Problem statement
Line by line, repeat the data below exactly, beginning at the first line and ending at the line with "Then multiply the". Omit pictures.

Exercise data below:

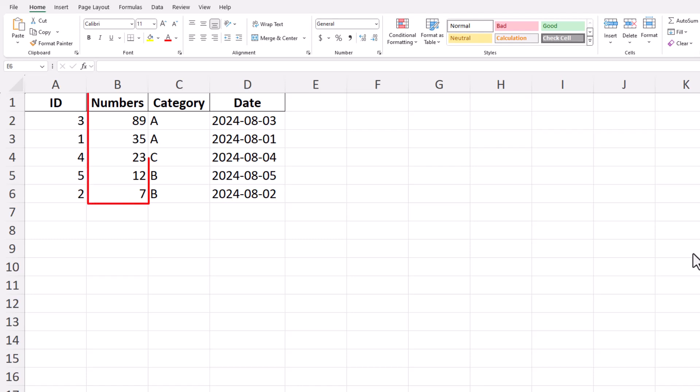Imagine you have a list of numbers in an Excel sheet, and you want to sort them in either ascending or descending order. Sorting in Excel is a simple but powerful feature that can help you organize your data effectively. Here's how you can do it.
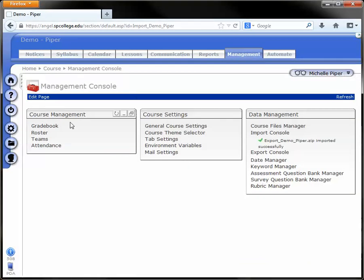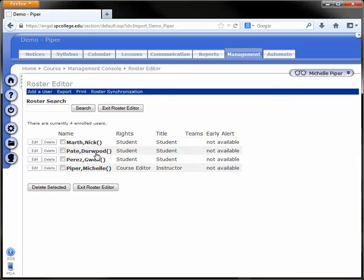Under Management, click on the Roster link to the far right-hand side. Under the roster, find the students that you'd like to remove and simply click Delete next to their name.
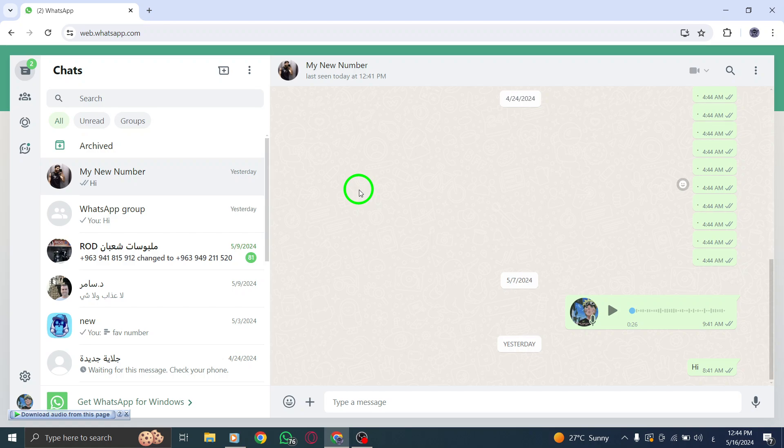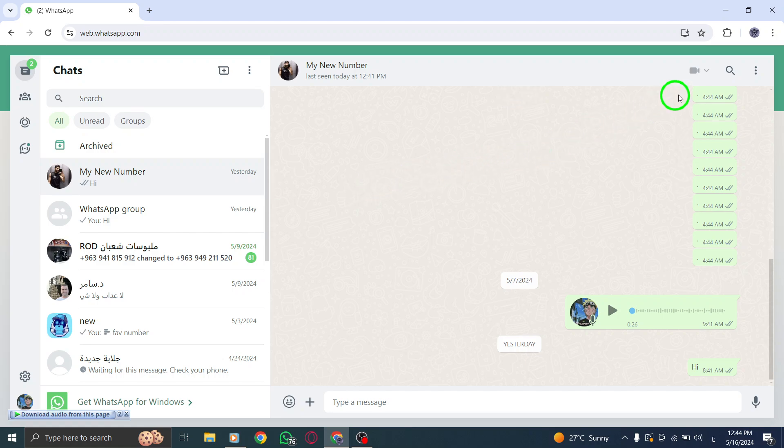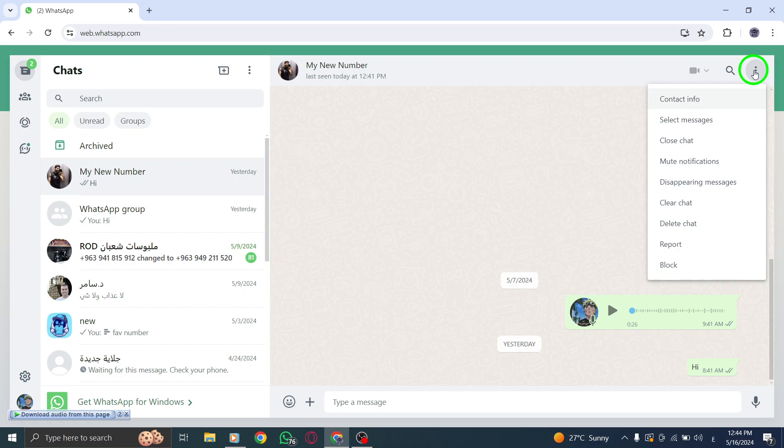Click on the three-dot menu icon at the top of the chat window. This will open up a menu with various options for managing your chat.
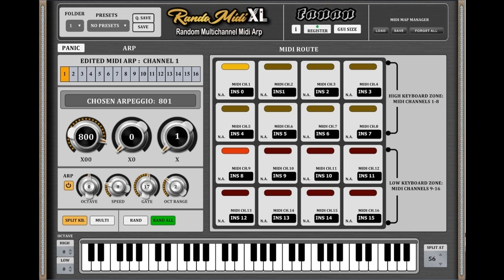Each instrument button routes the MIDI signal to the matching VST instrument in the DAW through a matching MIDI channel from 1 to 16. All you have to do is connect your MIDI keyboard to RandomIDI and set your VST instruments in your DAW to receive the MIDI signal from RandomIDI's MIDI channel.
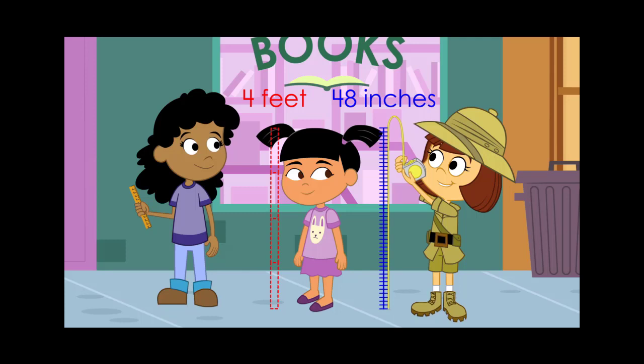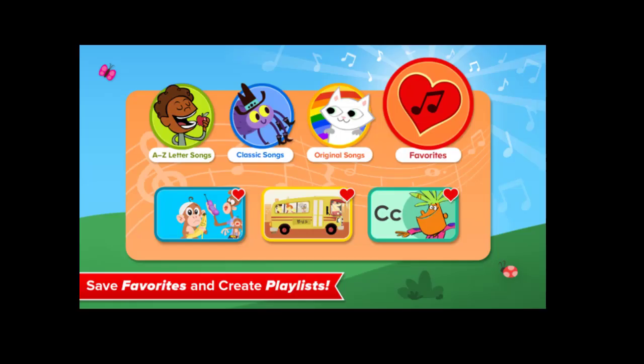Does ABCmouse work on iPad? ABCmouse.com members can download the app to access their account on any iPad, iPhone, Kindle Fire, and most Android phones and tablets.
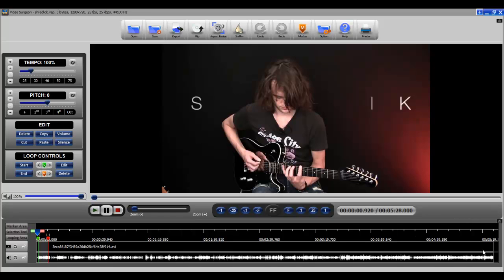Hi, this is Jim Todd with Video Surgeon and I wanted to share with you today just another quick pre-launch video showing you the power of this new Video Surgeon.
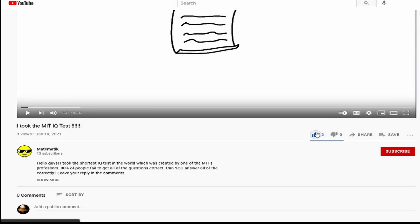This is it for this lesson. Please don't forget to like this video and subscribe to my channel. See you soon!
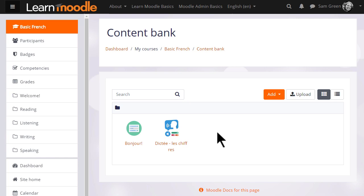Sam has created two activities. She wants to add the multiple choice one to her course page for learners to attempt and receive an automatic grade.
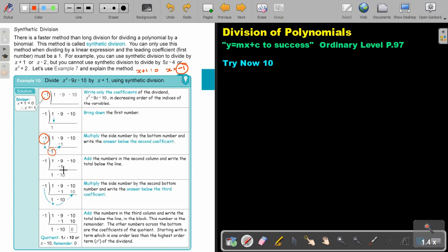Then multiply the side number by the second bottom number: negative 1 times negative 10. Write the answer — which is 10 — and then add to get 0. Add the numbers in each column and write the total below the line. The last number is the remainder — in this case 0. The other numbers are the coefficients of the quotient, starting with a term one order less than the highest order. Since the highest order was x squared, you start with x, giving a quotient of x minus 10 with a remainder of 0.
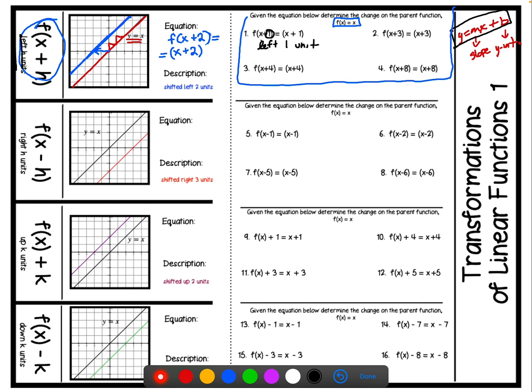What about f of x plus 2? We know it shifts left because of this rule — whenever we have plus h inside the parentheses, we go left. So f of x plus 2 shifts left 2 units. For number 3, we have f of x plus 4 in parentheses, so we shift left 4 units. And you fill out number 4 — it should be easy.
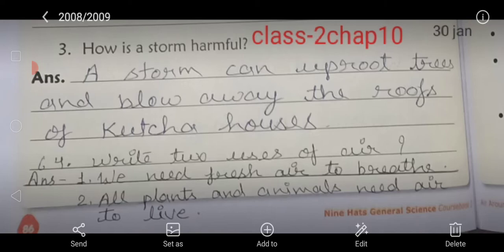Question number three is: how is a storm harmful?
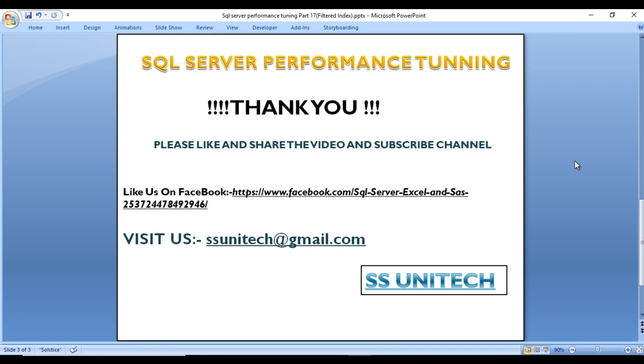I hope you understand how we can use Filtered Index according to our requirement and how it can be used to improve performance as well. Thank you so much for watching this video. If you like this video, please subscribe our channel to get many more videos. Don't forget to share and subscribe our channel. Thank you so much.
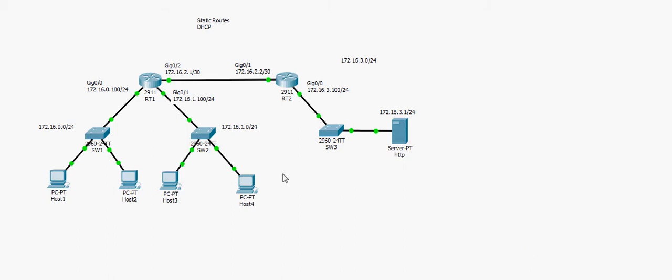Hello everyone. Today I will show you an example about how to configure static routes and DHCP on Cisco routers.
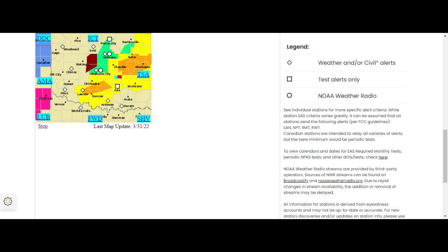Locations impacted include Ada, Seminole, Holdenville, Wewoka, Stratford, Kanoa, Ataka, Vine, Allen, Stonewall, Bolegs, Dustin, Asher, Lynette, Francis, Calvin, Cromwell, Byers, Fitzhugh, and Stewart.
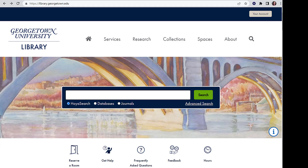So where do you find literature on your topic? The library's homepage defaults to HoyaSearch, the library catalog, which searches our books, ebooks, articles, and electronic resources. It also searches the collections of other local universities in the Washington Research Library Consortium. HoyaSearch is useful for broad information on a topic. However, the depth of research you need for a thesis requires targeted resources.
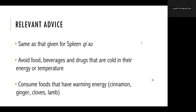The advice given for Spleen Yang Deficiency is the same as that given for Spleen Chi Deficiency. When there is Spleen Yang Deficiency, it is even more important that the person avoids food, beverages, and drugs that are cold in their energy or temperature, as well as consuming things that have a warming energy, such as cinnamon, ginger, cloves, and lime.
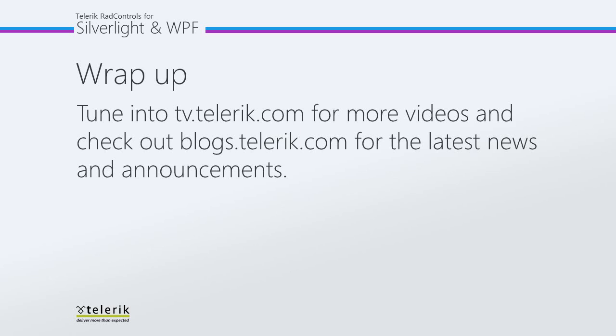Stay tuned for the next part in the series where we're going to discuss theming the RadListBox. Also tune in to tv.telerik.com for more videos and check out blogs.telerik.com for the latest news and announcements.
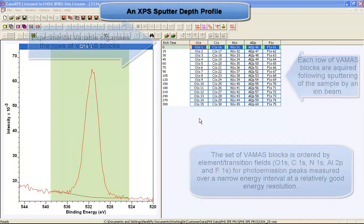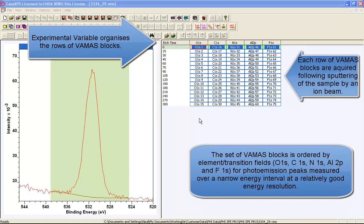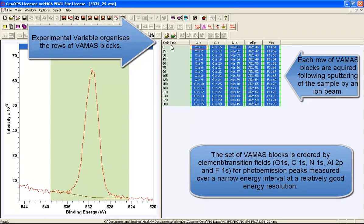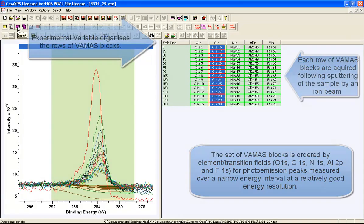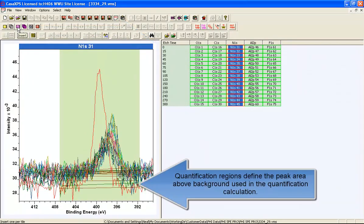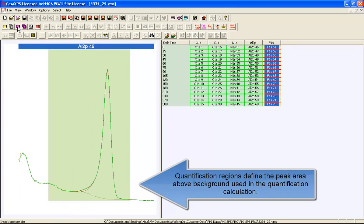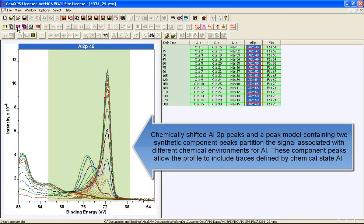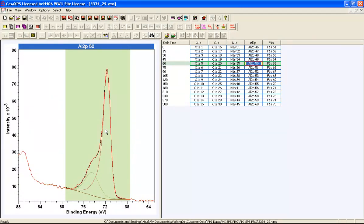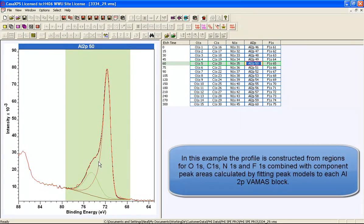In this video we're going to look at how to display a depth profile measured by XPS with etch cycles from an ion beam. These data have been organized so that a set of high resolution scans have been measured and regions are defined on each one, with the exception of the Al2P where both a region and a pair of component peaks have been used to separate intensity from two different chemical states for aluminium.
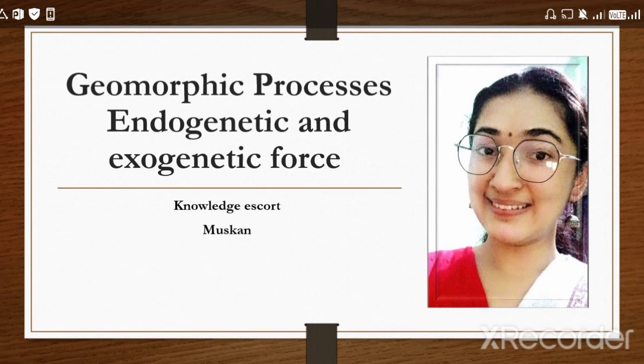Hi there, my name is Muskan and you are watching Knowledge Escort. Today in this video we are going to see geomorphic processes, endogenetic and exogenetic forces.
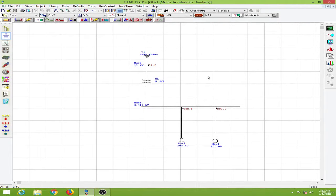In this lesson we will learn to provide a variable frequency drive to an induction motor and to start the motor smoothly using the frequency drive.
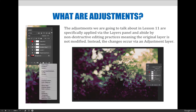The adjustments we are going to talk about in this lesson are specifically applied via the layers panel and abide by non-destructive editing practices, meaning the original layer is not modified. Instead, the changes occur via an adjustment layer. These are the same adjustments that can be found via the Edit menu — the only difference is the non-destructive property of the adjustment layer. If you look closely at the layers panel in the example provided, you can see five additional layers floating above the image layer, each being a different adjustment layer. The one currently activated is a gradient map, which takes the original pink flower image and applies coloring in a stylized way, creating a new version of the image.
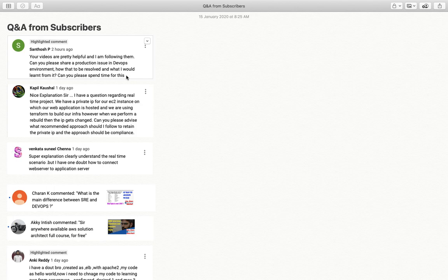But yes, if you have any specific query related to any specific tool, please do write in the comment box. I will be there to help you and I will definitely create a video or maybe write the answer in text for you for sure.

End of Exercise data.

Output below
Imagine you have a list of numbers in an Excel sheet, and you want to sort them in either ascending or descending order. Sorting in Excel is a simple but powerful feature that can help you organize your data effectively. Here's how you can do it.
Under Management, click on the Roster link to the far right-hand side. Under the roster, find the students that you'd like to remove and simply click Delete next to their name.
Click on the three-dot menu icon at the top of the chat window. This will open up a menu with various options for managing your chat.
Each instrument button routes the MIDI signal to the matching VST instrument in the DAW through a matching MIDI channel from 1 to 16. All you have to do is connect your MIDI keyboard to RandomIDI and set your VST instruments in your DAW to receive the MIDI signal from RandomIDI's MIDI channel.
Does ABCmouse work on iPad? ABCmouse.com members can download the app to access their account on any iPad, iPhone, Kindle Fire, and most Android phones and tablets.
Hi, this is Jim Todd with Video Surgeon and I wanted to share with you today just another quick pre-launch video showing you the power of this new Video Surgeon.
This is it for this lesson. Please don't forget to like this video and subscribe to my channel. See you soon!
Sam has created two activities. She wants to add the multiple choice one to her course page for learners to attempt and receive an automatic grade.
Then multiply the side number by the second bottom number: negative 1 times negative 10. Write the answer — which is 10 — and then add to get 0. Add the numbers in each column and write the total below the line. The last number is the remainder — in this case 0. The other numbers are the coefficients of the quotient, starting with a term one order less than the highest order. Since the highest order was x squared, you start with x, giving a quotient of x minus 10 with a remainder of 0.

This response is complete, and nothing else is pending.